Deploy only when you create a tagged release:

name: Release

on:
  push:
    tags:
      - "v*"

jobs:
  deploy:
    runs-on: ubuntu-latest
    environment: production
    steps:
      - uses: actions/checkout@v4

      - name: Get version from tag
        id: version
        run: echo "version=${GITHUB_REF#refs/tags/v}" >> $GITHUB_OUTPUT

      - name: Build and deploy version ${{ steps.version.outputs.version }}
        run: |
          echo "Deploying version ${{ steps.version.outputs.version }}"
          # Your deployment commands here

Rollback Strategy

Always have a rollback plan. One approach is to keep the previous version's Docker image tag:

steps:
  - name: Deploy with rollback support
    env:
      NEW_IMAGE: myapp:${{ github.sha }}
      PREV_IMAGE: myapp:previous
    run: |
      # Tag current as previous (for rollback)
      docker tag $(docker inspect --format='{{.Image}}' myapp) $PREV_IMAGE || true

      # Deploy new version
      docker stop myapp || true
      docker rm myapp || true
      docker run -d --name myapp -p 3000:3000 $NEW_IMAGE

      # Health check
      sleep 10
      if ! curl -f http://localhost:3000/health; then
        echo "Health check failed!
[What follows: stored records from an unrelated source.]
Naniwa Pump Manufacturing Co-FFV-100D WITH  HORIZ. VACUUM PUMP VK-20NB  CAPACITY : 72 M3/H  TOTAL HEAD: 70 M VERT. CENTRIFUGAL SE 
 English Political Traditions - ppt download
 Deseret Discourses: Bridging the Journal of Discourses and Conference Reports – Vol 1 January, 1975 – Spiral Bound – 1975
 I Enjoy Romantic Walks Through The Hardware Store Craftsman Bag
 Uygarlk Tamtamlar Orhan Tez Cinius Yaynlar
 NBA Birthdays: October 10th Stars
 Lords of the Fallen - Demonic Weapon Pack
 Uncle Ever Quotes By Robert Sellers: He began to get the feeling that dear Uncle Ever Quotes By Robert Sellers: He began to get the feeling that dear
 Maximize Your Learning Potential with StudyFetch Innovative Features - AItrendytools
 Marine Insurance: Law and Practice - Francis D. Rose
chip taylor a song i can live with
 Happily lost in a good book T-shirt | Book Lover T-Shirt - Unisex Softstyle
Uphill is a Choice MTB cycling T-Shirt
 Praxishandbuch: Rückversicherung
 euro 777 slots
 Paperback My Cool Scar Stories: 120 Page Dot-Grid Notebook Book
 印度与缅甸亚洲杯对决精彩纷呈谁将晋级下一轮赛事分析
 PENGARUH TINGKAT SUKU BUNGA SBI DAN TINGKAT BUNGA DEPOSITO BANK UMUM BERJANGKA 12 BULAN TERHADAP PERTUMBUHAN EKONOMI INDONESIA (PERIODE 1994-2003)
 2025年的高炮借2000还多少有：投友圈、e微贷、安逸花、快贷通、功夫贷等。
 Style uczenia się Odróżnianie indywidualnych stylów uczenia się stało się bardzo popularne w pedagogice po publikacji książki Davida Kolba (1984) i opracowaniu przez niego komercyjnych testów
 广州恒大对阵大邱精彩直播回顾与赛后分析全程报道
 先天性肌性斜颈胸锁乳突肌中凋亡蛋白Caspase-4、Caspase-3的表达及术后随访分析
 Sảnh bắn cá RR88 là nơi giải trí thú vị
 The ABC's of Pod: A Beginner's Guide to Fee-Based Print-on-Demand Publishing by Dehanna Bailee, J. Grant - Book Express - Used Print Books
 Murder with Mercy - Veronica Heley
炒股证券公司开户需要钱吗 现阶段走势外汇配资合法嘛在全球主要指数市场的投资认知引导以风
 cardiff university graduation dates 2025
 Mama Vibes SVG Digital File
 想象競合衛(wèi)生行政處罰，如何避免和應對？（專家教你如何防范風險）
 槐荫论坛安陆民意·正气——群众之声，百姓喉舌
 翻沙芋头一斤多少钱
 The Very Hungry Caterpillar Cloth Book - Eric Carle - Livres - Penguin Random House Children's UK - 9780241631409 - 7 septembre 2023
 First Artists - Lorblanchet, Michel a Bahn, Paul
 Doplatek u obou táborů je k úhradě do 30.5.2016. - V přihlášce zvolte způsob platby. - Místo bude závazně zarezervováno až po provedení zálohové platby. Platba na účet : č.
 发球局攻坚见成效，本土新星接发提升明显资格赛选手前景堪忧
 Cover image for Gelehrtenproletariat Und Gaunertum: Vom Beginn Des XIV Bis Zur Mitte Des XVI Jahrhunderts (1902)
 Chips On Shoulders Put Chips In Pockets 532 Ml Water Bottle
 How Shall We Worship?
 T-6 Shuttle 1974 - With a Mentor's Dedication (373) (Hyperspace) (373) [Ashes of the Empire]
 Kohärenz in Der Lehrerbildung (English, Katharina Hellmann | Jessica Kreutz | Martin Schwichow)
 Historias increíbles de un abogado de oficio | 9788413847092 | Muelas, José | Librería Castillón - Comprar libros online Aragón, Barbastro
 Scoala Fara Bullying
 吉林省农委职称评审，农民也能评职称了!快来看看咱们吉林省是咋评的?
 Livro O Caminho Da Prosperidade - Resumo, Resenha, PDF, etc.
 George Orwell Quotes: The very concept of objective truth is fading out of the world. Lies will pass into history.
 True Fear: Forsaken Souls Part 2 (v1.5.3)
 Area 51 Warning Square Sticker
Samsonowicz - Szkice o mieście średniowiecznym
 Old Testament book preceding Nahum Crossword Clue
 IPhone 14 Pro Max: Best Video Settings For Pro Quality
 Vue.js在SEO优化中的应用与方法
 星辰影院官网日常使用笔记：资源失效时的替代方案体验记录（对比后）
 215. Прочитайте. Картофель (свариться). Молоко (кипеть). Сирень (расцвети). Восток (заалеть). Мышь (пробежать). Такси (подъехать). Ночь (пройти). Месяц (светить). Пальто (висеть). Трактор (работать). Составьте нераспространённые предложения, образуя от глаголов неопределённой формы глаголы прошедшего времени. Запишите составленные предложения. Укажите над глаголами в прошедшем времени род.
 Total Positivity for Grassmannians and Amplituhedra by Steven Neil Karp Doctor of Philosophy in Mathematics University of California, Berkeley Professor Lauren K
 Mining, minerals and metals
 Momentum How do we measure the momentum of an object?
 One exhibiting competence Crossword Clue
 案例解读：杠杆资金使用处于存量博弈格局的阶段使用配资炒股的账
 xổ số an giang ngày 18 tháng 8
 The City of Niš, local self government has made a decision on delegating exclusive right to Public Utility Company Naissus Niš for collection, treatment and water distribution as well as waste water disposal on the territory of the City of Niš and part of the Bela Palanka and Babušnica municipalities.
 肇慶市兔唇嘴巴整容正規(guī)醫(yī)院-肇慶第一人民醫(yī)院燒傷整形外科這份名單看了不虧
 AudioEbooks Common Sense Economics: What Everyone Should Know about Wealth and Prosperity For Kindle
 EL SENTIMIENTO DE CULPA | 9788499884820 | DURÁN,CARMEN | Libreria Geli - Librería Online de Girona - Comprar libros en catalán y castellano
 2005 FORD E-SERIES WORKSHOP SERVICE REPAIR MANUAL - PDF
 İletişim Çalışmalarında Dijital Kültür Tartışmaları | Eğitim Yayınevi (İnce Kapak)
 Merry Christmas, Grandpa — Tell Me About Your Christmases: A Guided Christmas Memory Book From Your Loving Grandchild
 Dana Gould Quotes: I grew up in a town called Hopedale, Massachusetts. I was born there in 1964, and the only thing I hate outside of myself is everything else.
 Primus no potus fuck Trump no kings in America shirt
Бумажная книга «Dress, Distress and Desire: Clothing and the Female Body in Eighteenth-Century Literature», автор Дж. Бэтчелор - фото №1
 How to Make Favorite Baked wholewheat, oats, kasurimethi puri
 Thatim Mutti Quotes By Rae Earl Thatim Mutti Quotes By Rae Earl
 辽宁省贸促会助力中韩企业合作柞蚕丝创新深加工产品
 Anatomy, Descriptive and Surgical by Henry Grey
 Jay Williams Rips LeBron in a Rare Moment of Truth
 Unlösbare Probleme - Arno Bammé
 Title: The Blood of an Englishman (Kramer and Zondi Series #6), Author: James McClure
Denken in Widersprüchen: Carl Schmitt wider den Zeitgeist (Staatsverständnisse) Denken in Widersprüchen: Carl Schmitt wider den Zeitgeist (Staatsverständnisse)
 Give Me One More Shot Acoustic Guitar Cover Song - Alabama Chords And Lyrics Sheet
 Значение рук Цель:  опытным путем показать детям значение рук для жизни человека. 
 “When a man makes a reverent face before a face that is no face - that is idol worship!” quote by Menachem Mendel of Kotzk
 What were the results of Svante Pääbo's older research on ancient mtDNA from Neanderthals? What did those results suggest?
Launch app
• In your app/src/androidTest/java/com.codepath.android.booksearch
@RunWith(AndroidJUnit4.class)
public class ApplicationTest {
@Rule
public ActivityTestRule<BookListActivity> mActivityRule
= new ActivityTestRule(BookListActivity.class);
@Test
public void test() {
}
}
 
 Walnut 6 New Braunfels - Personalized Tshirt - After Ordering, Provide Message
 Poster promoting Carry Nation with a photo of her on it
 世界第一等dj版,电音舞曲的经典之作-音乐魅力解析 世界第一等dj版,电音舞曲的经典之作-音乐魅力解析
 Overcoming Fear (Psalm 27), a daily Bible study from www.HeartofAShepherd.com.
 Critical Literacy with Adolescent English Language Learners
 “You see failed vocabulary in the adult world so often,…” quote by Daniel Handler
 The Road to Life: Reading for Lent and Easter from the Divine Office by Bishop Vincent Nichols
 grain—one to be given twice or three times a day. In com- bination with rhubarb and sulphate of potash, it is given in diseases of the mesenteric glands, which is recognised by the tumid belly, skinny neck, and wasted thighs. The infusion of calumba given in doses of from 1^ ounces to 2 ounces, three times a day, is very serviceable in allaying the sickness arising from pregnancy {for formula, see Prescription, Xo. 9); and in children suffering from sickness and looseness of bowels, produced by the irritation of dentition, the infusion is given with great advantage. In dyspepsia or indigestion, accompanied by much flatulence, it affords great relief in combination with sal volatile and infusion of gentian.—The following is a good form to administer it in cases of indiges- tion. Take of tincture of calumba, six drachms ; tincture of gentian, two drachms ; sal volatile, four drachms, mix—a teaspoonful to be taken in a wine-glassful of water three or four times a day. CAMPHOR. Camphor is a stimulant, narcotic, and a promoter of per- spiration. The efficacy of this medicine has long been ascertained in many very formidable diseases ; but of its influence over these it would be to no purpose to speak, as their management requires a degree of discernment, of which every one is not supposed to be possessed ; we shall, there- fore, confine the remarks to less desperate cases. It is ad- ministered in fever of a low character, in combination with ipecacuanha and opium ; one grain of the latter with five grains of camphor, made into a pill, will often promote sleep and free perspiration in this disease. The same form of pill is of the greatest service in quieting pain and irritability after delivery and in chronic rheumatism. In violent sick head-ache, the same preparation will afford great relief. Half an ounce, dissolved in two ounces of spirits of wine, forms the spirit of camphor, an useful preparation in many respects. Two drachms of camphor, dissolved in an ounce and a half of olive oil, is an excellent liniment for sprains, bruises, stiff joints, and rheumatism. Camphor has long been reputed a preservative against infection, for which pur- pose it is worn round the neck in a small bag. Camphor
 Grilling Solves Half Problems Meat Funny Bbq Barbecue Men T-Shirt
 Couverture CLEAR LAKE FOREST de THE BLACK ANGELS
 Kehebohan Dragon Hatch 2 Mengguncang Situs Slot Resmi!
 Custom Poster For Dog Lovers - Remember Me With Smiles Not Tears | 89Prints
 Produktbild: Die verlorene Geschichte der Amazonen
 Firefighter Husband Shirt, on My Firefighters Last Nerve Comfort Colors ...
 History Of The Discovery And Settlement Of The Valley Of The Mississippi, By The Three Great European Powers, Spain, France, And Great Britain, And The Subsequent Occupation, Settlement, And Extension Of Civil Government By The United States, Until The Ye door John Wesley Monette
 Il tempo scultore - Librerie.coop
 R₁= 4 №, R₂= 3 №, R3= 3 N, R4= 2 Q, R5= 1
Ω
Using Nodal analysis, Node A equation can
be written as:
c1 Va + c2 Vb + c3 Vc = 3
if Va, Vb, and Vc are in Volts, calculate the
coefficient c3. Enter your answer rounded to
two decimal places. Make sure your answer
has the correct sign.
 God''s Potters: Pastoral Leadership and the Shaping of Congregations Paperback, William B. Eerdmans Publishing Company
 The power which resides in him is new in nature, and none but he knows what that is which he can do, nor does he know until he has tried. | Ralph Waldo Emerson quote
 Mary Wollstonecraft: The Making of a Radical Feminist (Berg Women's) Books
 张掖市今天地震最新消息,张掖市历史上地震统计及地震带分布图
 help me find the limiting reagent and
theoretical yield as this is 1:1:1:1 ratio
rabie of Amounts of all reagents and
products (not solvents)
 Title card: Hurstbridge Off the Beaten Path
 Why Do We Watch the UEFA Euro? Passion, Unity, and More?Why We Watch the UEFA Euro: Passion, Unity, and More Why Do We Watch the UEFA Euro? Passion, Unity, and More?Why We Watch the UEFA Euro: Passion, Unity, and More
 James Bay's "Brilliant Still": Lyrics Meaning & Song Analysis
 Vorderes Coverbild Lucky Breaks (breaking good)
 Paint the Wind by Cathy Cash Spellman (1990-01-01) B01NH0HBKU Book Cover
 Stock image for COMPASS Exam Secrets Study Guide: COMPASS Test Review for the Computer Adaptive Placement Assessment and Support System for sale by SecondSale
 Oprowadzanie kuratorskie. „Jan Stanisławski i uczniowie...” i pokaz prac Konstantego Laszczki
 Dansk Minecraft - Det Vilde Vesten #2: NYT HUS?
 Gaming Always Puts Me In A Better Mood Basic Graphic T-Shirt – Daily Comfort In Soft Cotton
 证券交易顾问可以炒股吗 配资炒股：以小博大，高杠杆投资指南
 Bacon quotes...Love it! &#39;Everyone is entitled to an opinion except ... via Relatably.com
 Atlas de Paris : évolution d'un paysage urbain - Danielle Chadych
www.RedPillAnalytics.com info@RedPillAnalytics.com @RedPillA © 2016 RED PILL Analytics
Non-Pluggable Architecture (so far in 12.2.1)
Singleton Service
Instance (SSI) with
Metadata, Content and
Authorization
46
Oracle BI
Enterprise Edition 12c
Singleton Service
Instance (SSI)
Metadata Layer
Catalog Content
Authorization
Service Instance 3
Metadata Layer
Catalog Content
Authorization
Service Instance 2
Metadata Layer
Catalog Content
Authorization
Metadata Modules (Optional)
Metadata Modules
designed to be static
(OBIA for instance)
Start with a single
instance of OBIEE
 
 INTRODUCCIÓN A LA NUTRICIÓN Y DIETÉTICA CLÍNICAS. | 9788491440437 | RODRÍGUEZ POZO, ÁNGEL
Rolling back..."
        docker stop myapp
        docker rm myapp
        docker run -d --name myapp -p 3000:3000 $PREV_IMAGE
        exit 1
      fi

Deployment Notifications

Notify your team when deployments happen:

steps:
  - name: Notify Slack on success
    if: success()
    uses: slackapi/slack-github-action@v1
    with:
      payload: |
        {
          "text": "Deployed ${{ github.repository }} to production by ${{ github.actor }}"
        }
    env:
      SLACK_WEBHOOK_URL: ${{ secrets.SLACK_WEBHOOK }}

  - name: Notify on failure
    if: failure()
    uses: slackapi/slack-github-action@v1
    with:
      payload: |
        {
          "text": "Deployment FAILED for ${{ github.repository }}. Check: ${{ github.server_url }}/${{ github.repository }}/actions/runs/${{ github.run_id }}"
        }
    env:
      SLACK_WEBHOOK_URL: ${{ secrets.SLACK_WEBHOOK }}

Summary

You built deployment pipelines that ship code from CI to staging and production. You learned how to use GitHub environments for approvals, deploy Docker images, integrate with cloud platforms, implement rollback strategies, and notify your team. In the next lesson, you will explore advanced workflow patterns.